Humour, usually in the form of teasing, appears to be another way for the students to deal with the stigma they face in society, the researcher realised. In her dissertation, she cites a situation in which a girl of Moroccan descent shouts that “kut-Marokkanen hier alles verpesten” [“f*cking Moroccans ruin everything here”]. She says it in a joking manner. “To me, it shows that they are very aware of the public discourse about people with a migration background, that they are familiar with it and know that they are the subject of it and are affected by it. It’s hurtful to be seen as an ‘inferior’ group. They try to take the sting out of it with humour.

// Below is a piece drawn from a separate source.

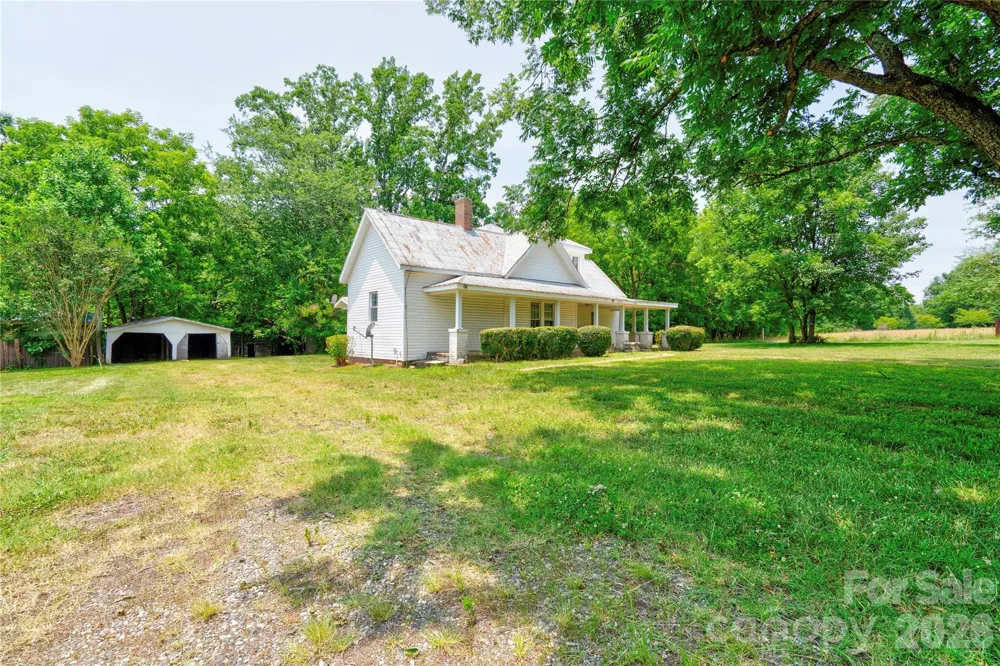 1813 Saint Marks Church Road Crouse, NC 28033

Laughing about it takes away some of the misery. In the end, what else can they do? They can’t very well escape those labels, because everyone keeps calling them that. So they might as well make something positive out of it.”


Parents
“I remember one moment, in the morning, at a classroom door. I’d been at the school for a couple of months and the students knew what my position was.” She was a fly on the wall who sometimes helped with assignments; someone they talked to, but not one of their superiors. “While talking to one of the boys, who said he was tired because he had come home late the previous night, I asked what his parents thought about that. He replied, with a bit of an attitude, that his father had no authority over him. I thought it was strange – he lived at home, so surely his father had some influence over him one way or another. He replied, ‘Miss, you shouldn’t forget that we’re foreigners. We’re not like Dutch people.’ He used his relationship to another culture to make it clear that different rules apply to him, because he belongs to a different group. They don’t have regular meal times or curfews and bedtimes. With that reply, he shut me down. After all, I belong to the other category: the ‘Dutch’ woman with her rules.”

Local dialect
Teachers didn’t appreciate it when students used Turkish or Moroccan words. “They said that everyone had to speak Standard Dutch. At the same time, children who spoke the local dialect – which isn’t Standard Dutch either – were not corrected. Limburgish was seen as acceptable because the school was located in Limburg, but Turkish was positioned as a foreign and therefore inappropriate language.”

Understanding
Van de Weerd is aware of the fact that her study contributes to a sensitive topic. “I think anyone could benefit from reading my findings. Most people think they know exactly what labels like ‘Moroccan’ or ‘Turk’ mean, and don’t take the time to really listen to how these labels are used and test any ideas of their own. This also happens in research – there are a lot of examples of surveys that ask whether someone calls themselves Dutch or Turkish. This is taken to be a sign of a sense of citizenship or belonging, but the researchers didn’t look at what those labels mean to those people.” She also hopes there will be workshops in secondary schools and higher education institutions to get teachers and students to talk about this topic. “What does it mean to one person when they say ‘Moroccan’ or ‘Turk’ and what does it mean to someone else? Are there any differences? All this could lead to better understanding.”